Sometimes I wonder why I chose to write a book set in the past, when it would have been so much simpler to write something contemporary. The beauty of writing a book set in your own time is that all the cultural references are there – current, and so familiar as to be instinctive. But as soon as you go back into another age, you can’t take anything for granted. Here are some of the things I have had to research and check over the past few days:
- Can you use the term “unshriven” of a baby, to mean the same as “unchristened”? [Probably not: to be shriven or unshriven, you really need to be able to conceive of the concept of sin, so at least talking.]
- When people in Regency times took a hackney coach (their version of a black cab), did they call it a “hackney” or a “coach”? [Hackney.]
- Did well-to-do people drink tea at breakfast time? [Yes.]

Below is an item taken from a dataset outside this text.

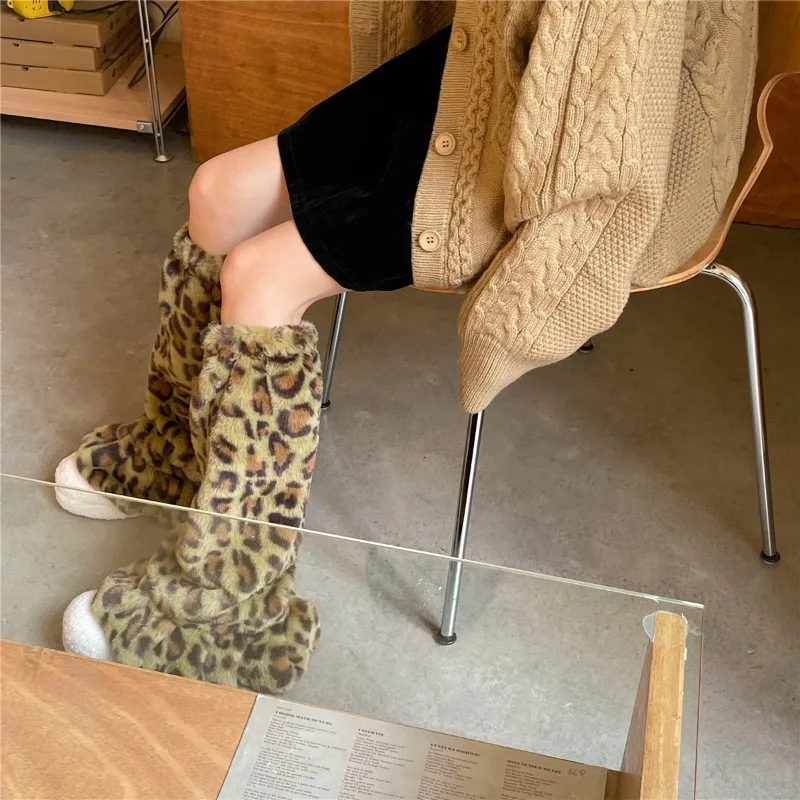 New Trumpet Wide Leg Socks Women's Spring and Autumn Leopard Print Plush Leg Cover Spice Girls Calf Socks JK Medium Tube Tide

- What did you call a man who lived on the immoral earnings of women? [It’s not the start of a joke – and it’s a pimp, same as today.]
I tell you, if anyone ever explores my Internet search history, I’m in for some funny looks.
But of course the reason that I did choose to set my book in the past is exactly this sort of nit-picking: the fun and intellectual challenge of researching another world and then describing it convincingly for my readers. Plus the police uniforms were way better back then: more top hats and canes and fewer hi-vis jackets and stab vests.